Supplied data ▸
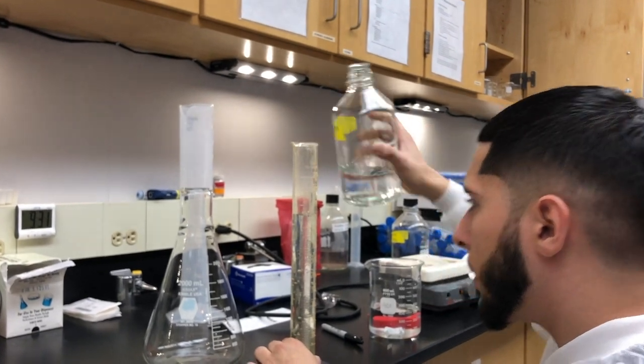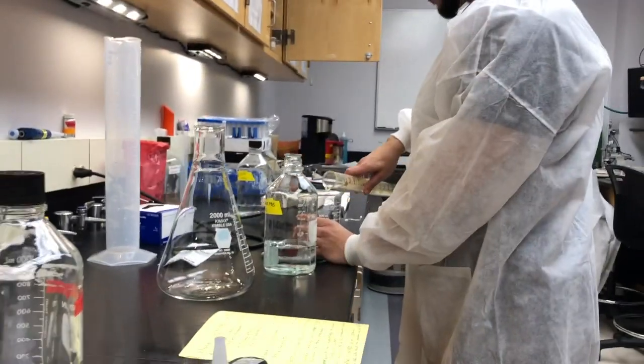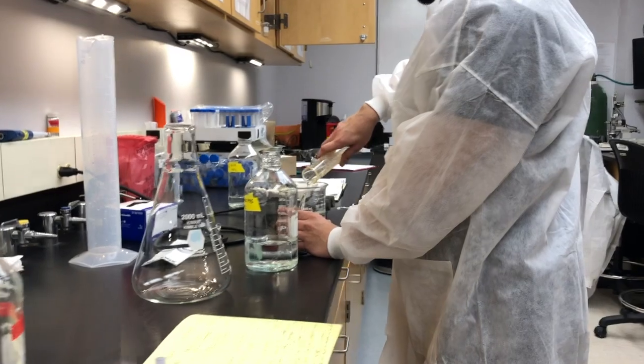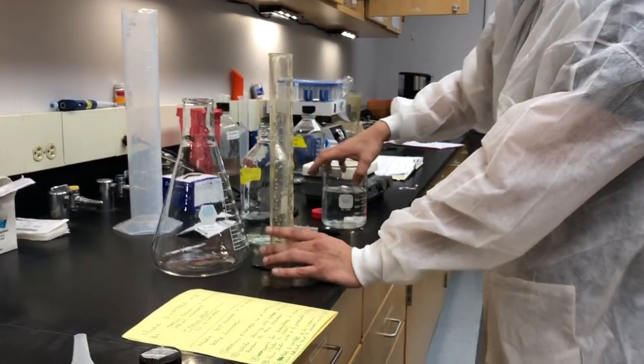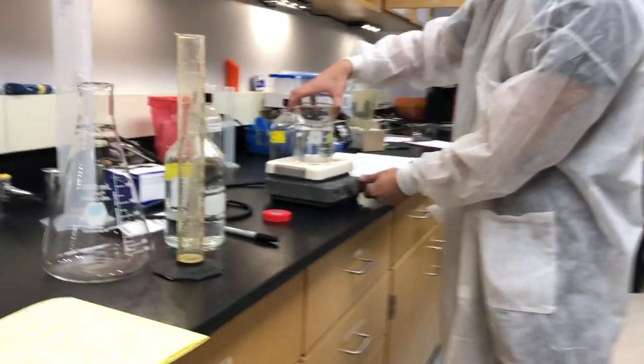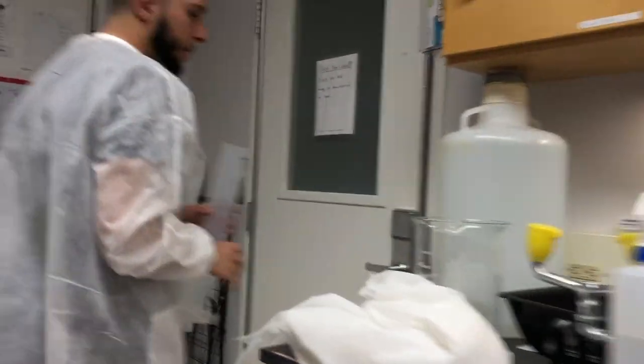We're going to let it mix a bit while we go and get our deionized H2O. So now we're going to get the bigger graduated cylinder and get 500 milliliters of deionized water.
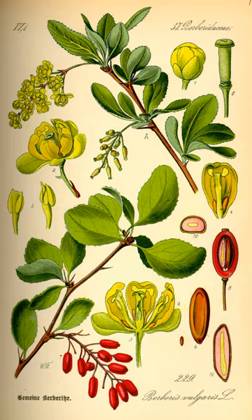The berries are edible and rich in vitamin C, though with a very sharp flavor. The thorny shrubs make harvesting them difficult, so in most places they are not widely consumed. They are an important food for many small birds, which disperse the seeds in their droppings. A widely available Russian candy called barberries is made using extract from the berries, which are pictured on the wrapper.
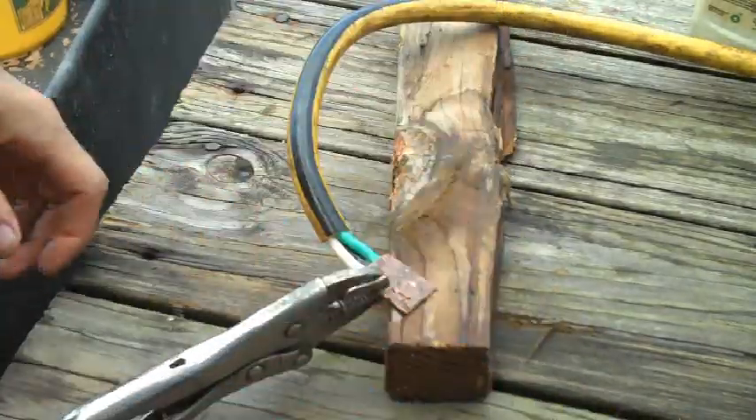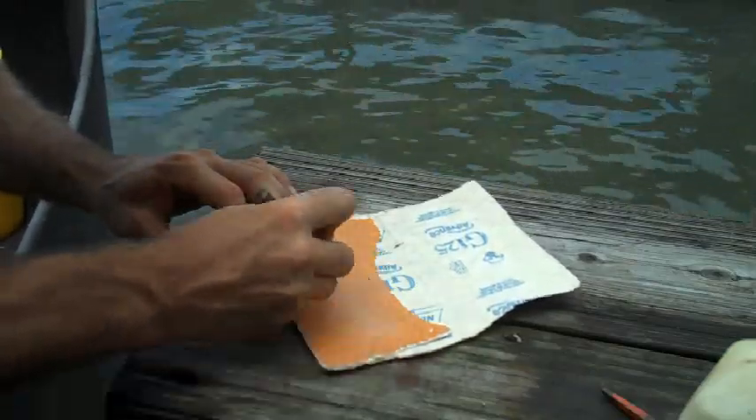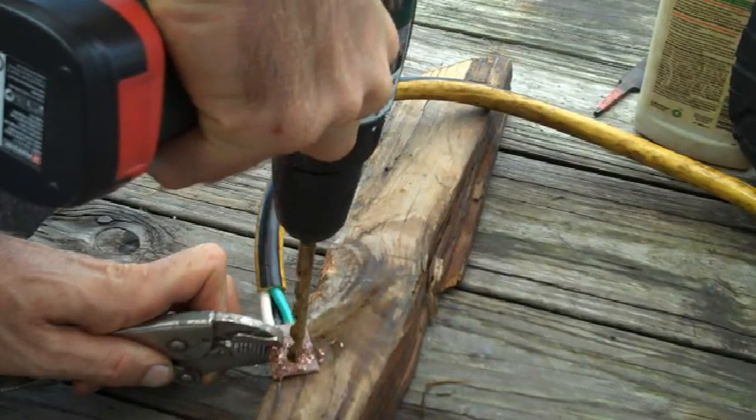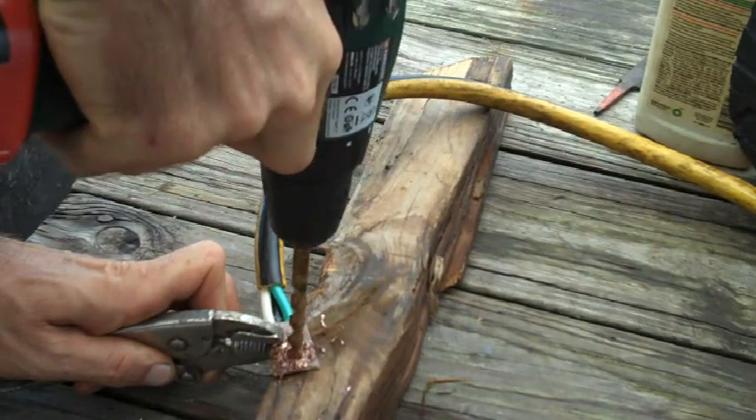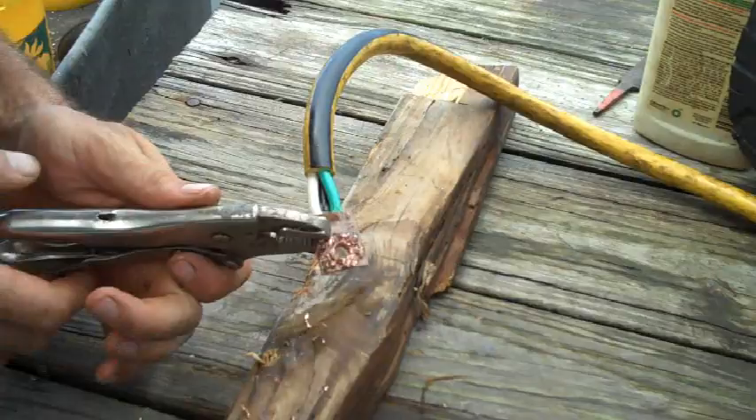So that's my copper thing. I just need to go drill a hole in this and I can hook it to the battery. Oh, this drill bit is so dull. Much better.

Exercise aim ▸
Pictures excluded, copy exactly the lines running from the one with "The berries are" through the last line of the material.

Task result ▸
The berries are edible and rich in vitamin C, though with a very sharp flavor. The thorny shrubs make harvesting them difficult, so in most places they are not widely consumed. They are an important food for many small birds, which disperse the seeds in their droppings. A widely available Russian candy called barberries is made using extract from the berries, which are pictured on the wrapper.
So that's my copper thing. I just need to go drill a hole in this and I can hook it to the battery. Oh, this drill bit is so dull. Much better.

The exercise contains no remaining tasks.